What you will do: Print each record that follows exactly, leaving the pictures behind.
--
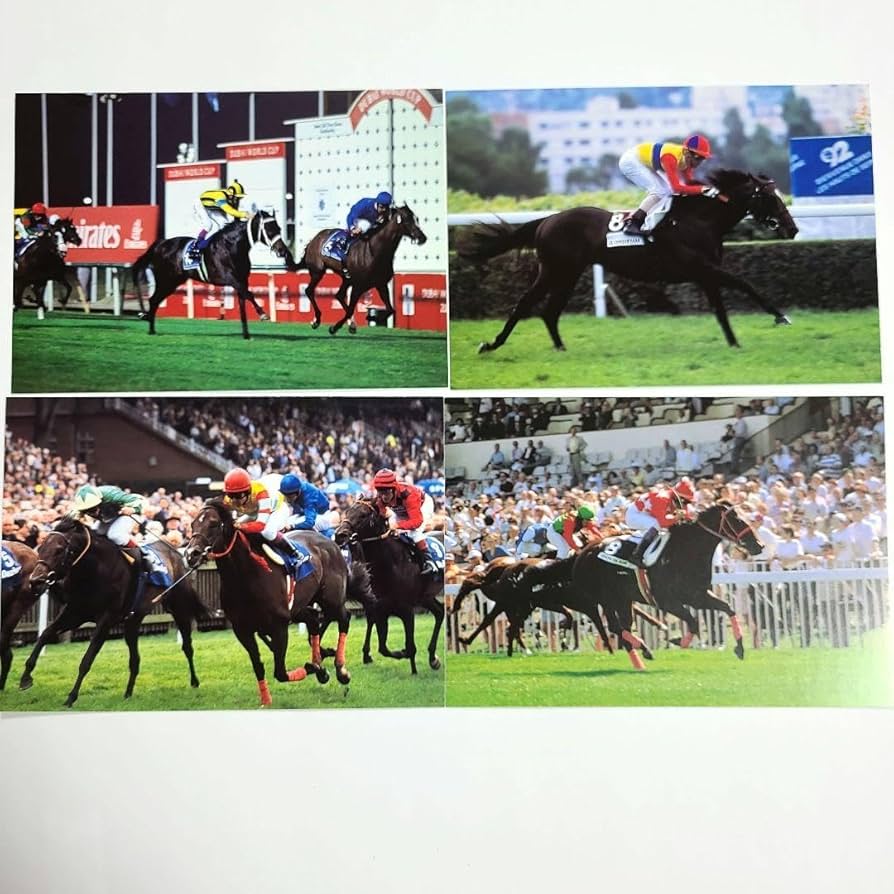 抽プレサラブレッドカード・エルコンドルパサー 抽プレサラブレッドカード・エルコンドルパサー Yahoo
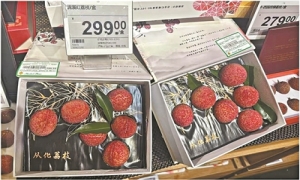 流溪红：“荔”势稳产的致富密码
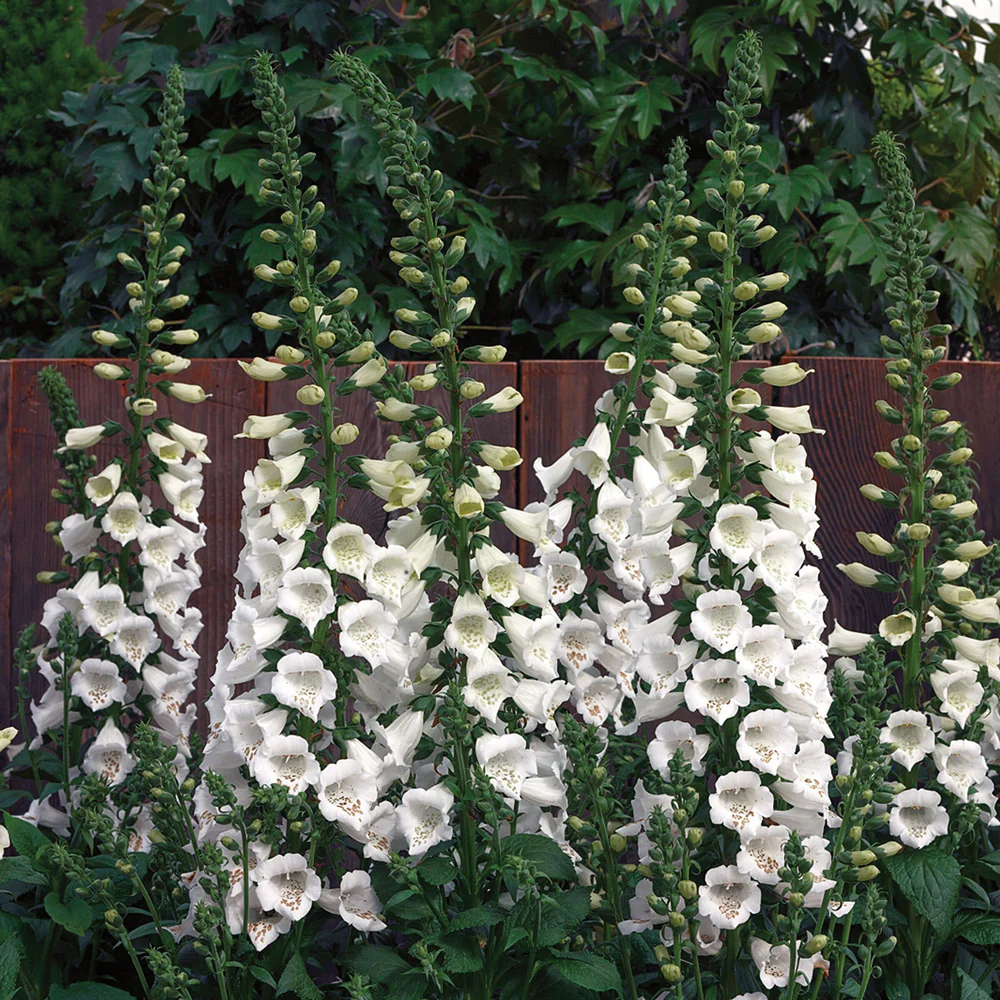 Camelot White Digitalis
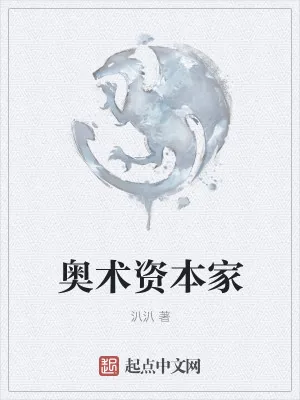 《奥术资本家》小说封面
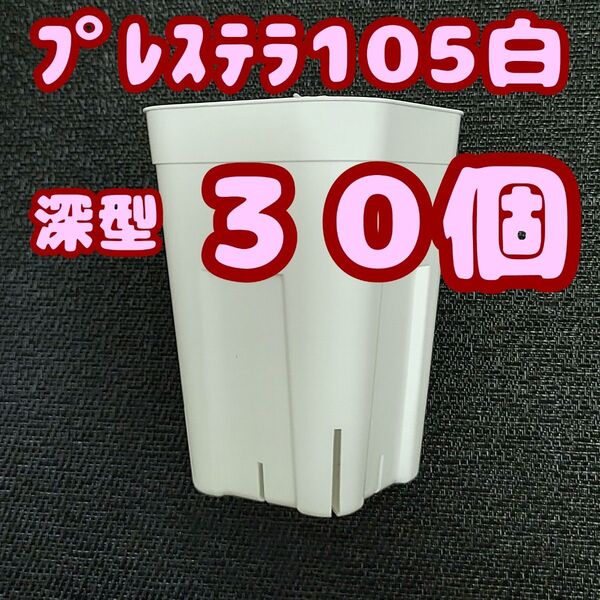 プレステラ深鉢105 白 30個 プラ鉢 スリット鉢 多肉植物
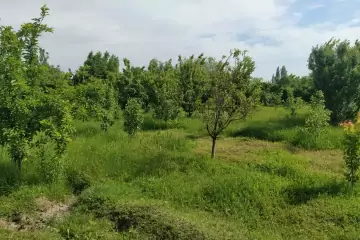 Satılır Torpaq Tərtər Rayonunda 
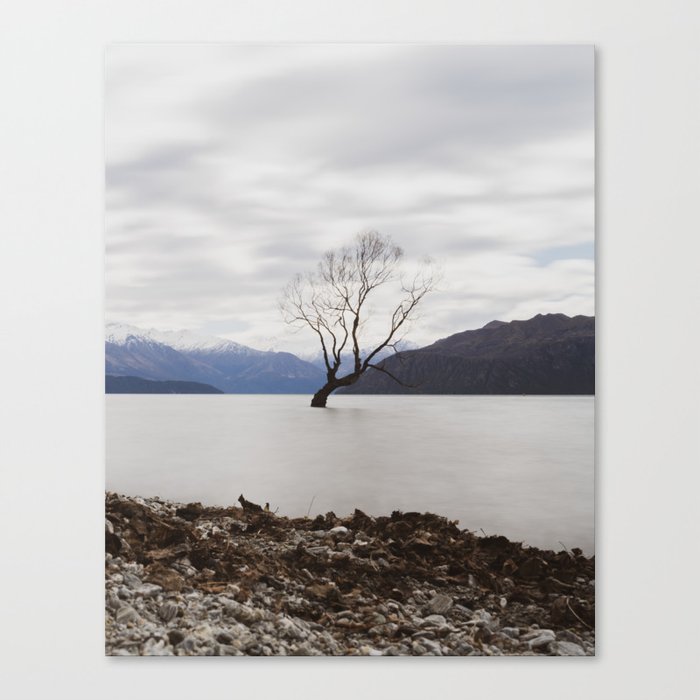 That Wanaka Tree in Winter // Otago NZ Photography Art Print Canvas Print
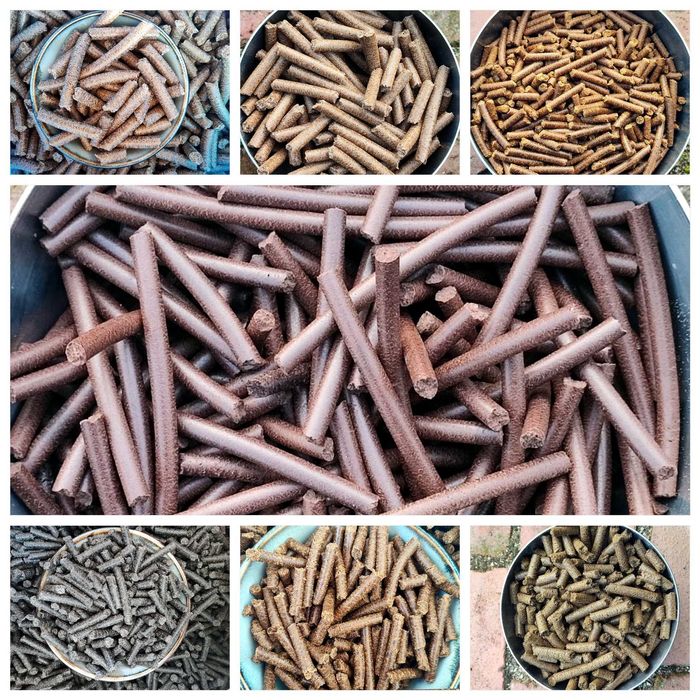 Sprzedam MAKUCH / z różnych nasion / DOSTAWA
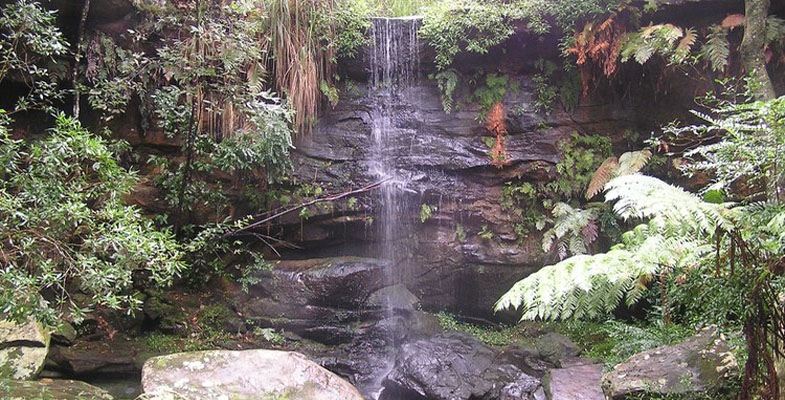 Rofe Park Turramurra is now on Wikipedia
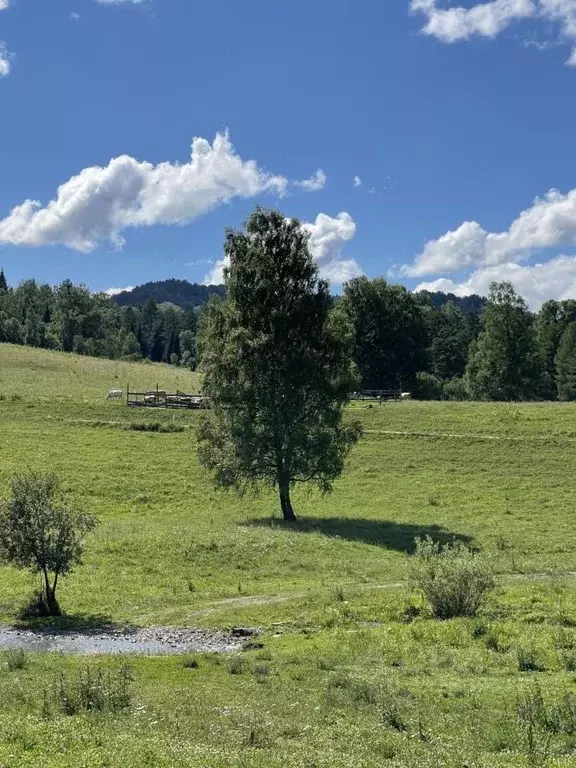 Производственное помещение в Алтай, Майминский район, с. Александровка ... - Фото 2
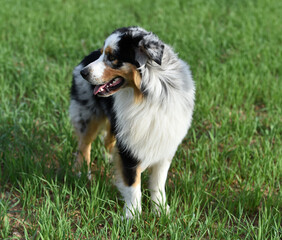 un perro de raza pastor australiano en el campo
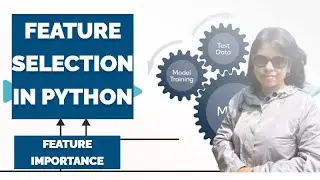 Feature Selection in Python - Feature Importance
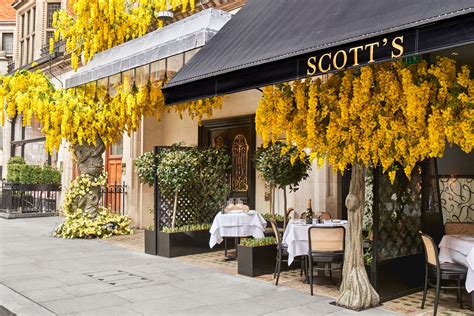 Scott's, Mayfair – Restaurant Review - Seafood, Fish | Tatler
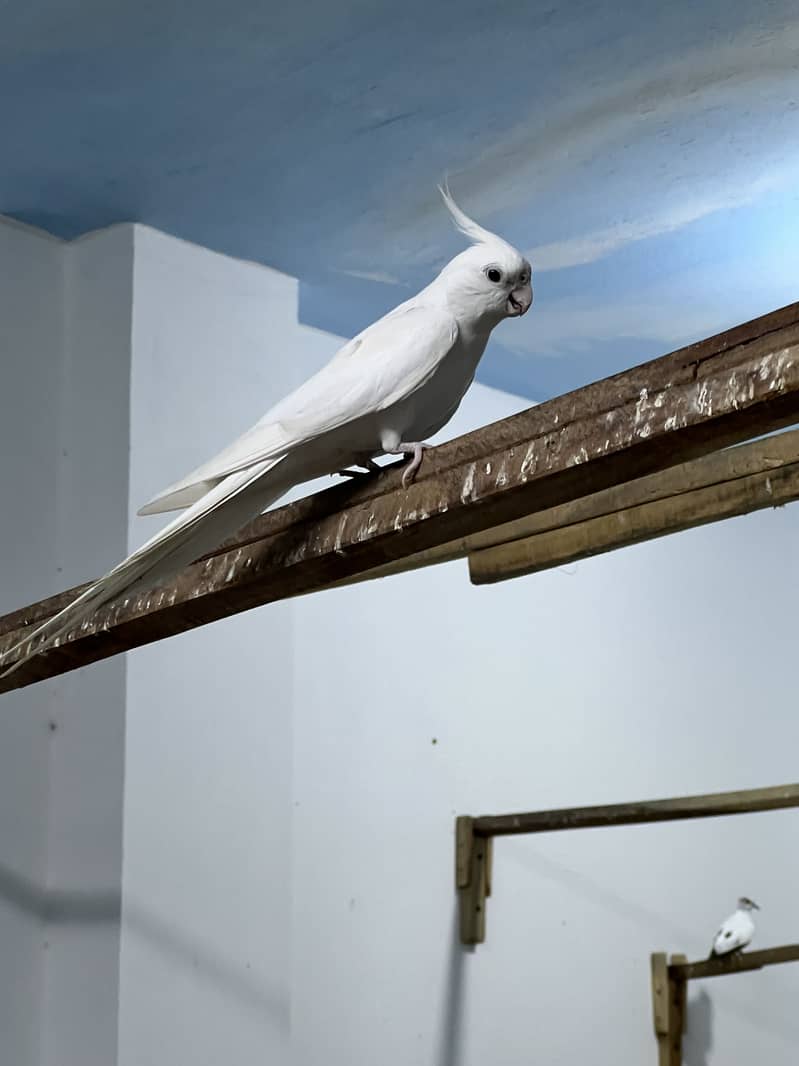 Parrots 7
--
Answer to the exercise:
 抽プレサラブレッドカード・エルコンドルパサー 抽プレサラブレッドカード・エルコンドルパサー Yahoo
 流溪红：“荔”势稳产的致富密码
 Camelot White Digitalis
 《奥术资本家》小说封面
 プレステラ深鉢105 白 30個 プラ鉢 スリット鉢 多肉植物
 Satılır Torpaq Tərtər Rayonunda 
 That Wanaka Tree in Winter // Otago NZ Photography Art Print Canvas Print
 Sprzedam MAKUCH / z różnych nasion / DOSTAWA
 Rofe Park Turramurra is now on Wikipedia
 Производственное помещение в Алтай, Майминский район, с. Александровка ... - Фото 2
 un perro de raza pastor australiano en el campo
 Feature Selection in Python - Feature Importance
 Scott's, Mayfair – Restaurant Review - Seafood, Fish | Tatler
 Parrots 7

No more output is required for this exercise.